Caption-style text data

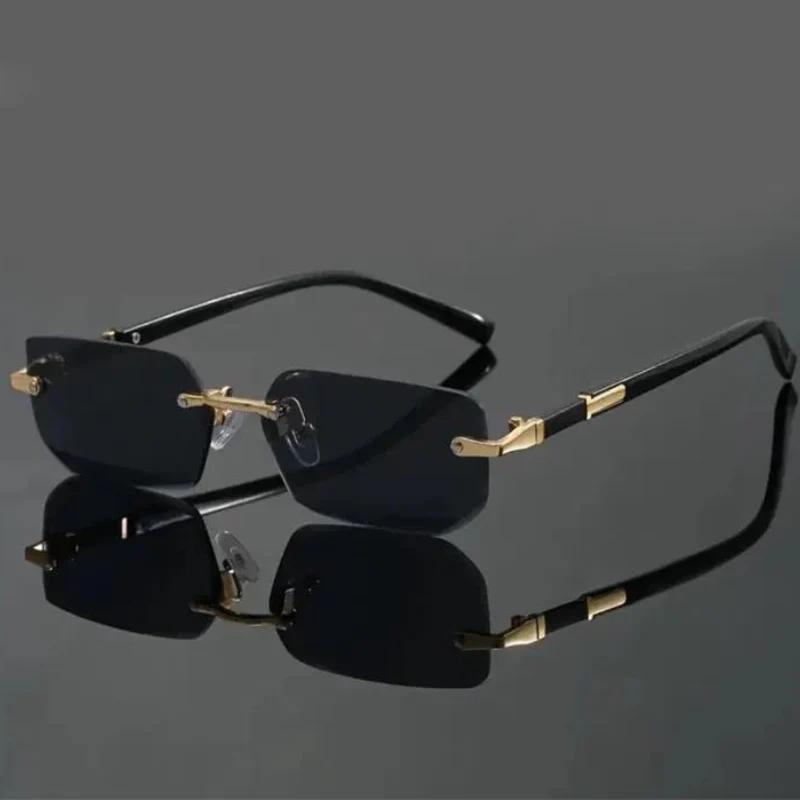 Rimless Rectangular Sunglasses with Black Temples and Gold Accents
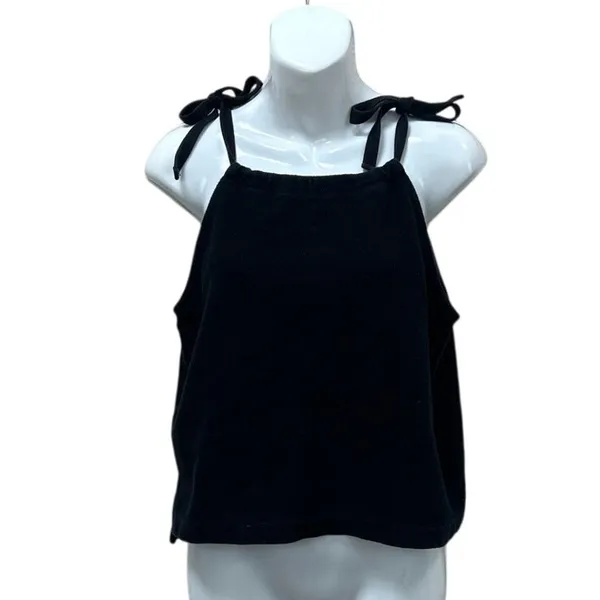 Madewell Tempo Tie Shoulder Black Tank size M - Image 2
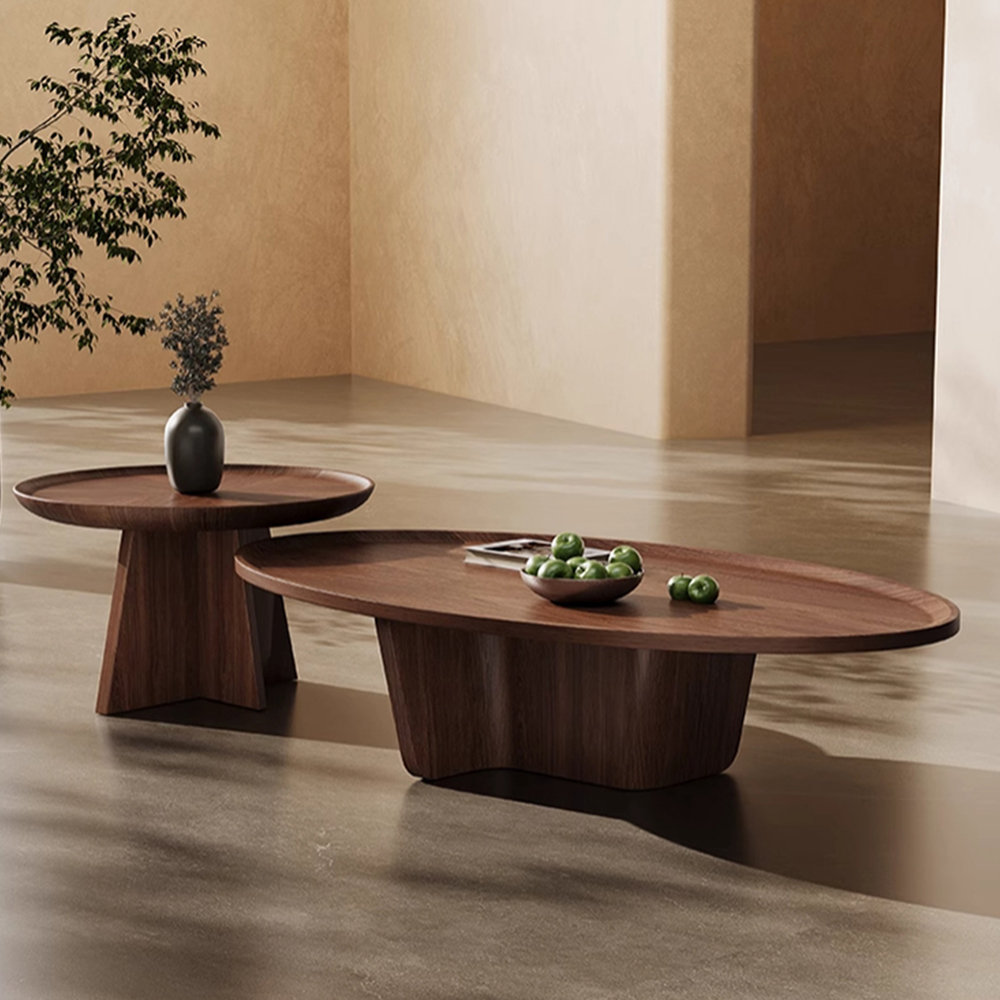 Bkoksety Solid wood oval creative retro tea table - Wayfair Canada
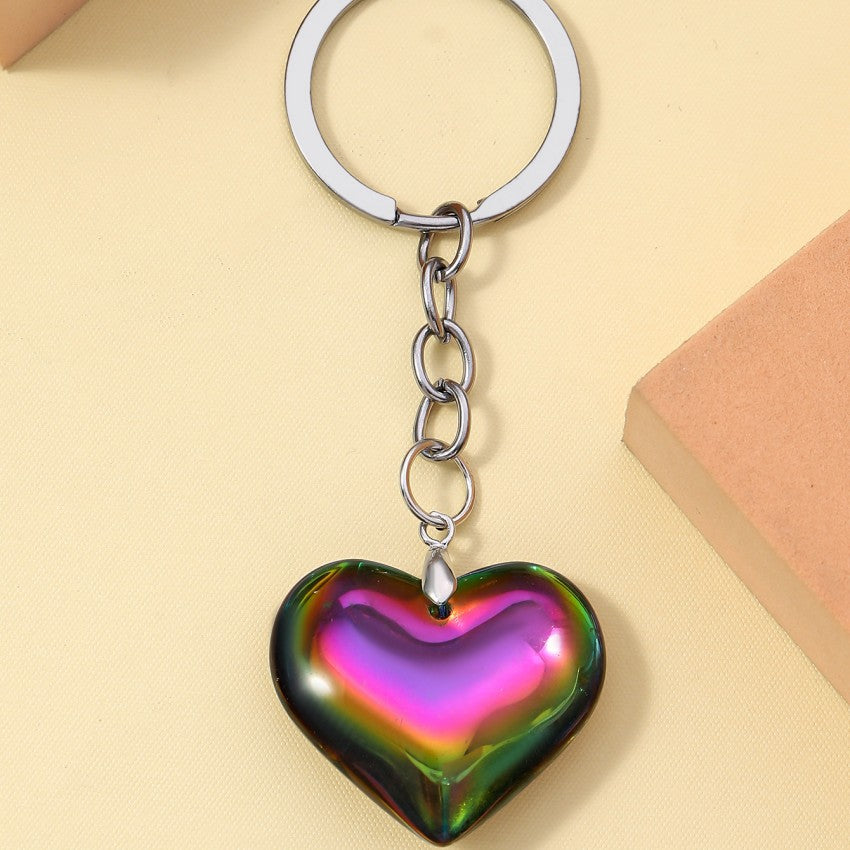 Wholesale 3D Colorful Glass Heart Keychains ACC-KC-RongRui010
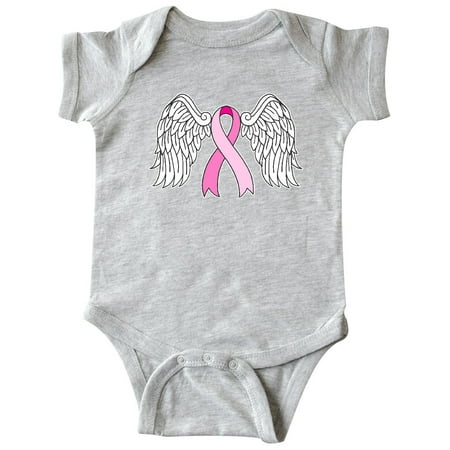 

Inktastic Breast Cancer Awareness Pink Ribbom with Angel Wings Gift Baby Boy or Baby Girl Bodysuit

**Task to complete:** Please give again only the lines from the one containing "Wholesale 3D Colorful" through the last line of the entries above, exactly as they stand and without pictures.

**Response to the task:**
 Wholesale 3D Colorful Glass Heart Keychains ACC-KC-RongRui010

Inktastic Breast Cancer Awareness Pink Ribbom with Angel Wings Gift Baby Boy or Baby Girl Bodysuit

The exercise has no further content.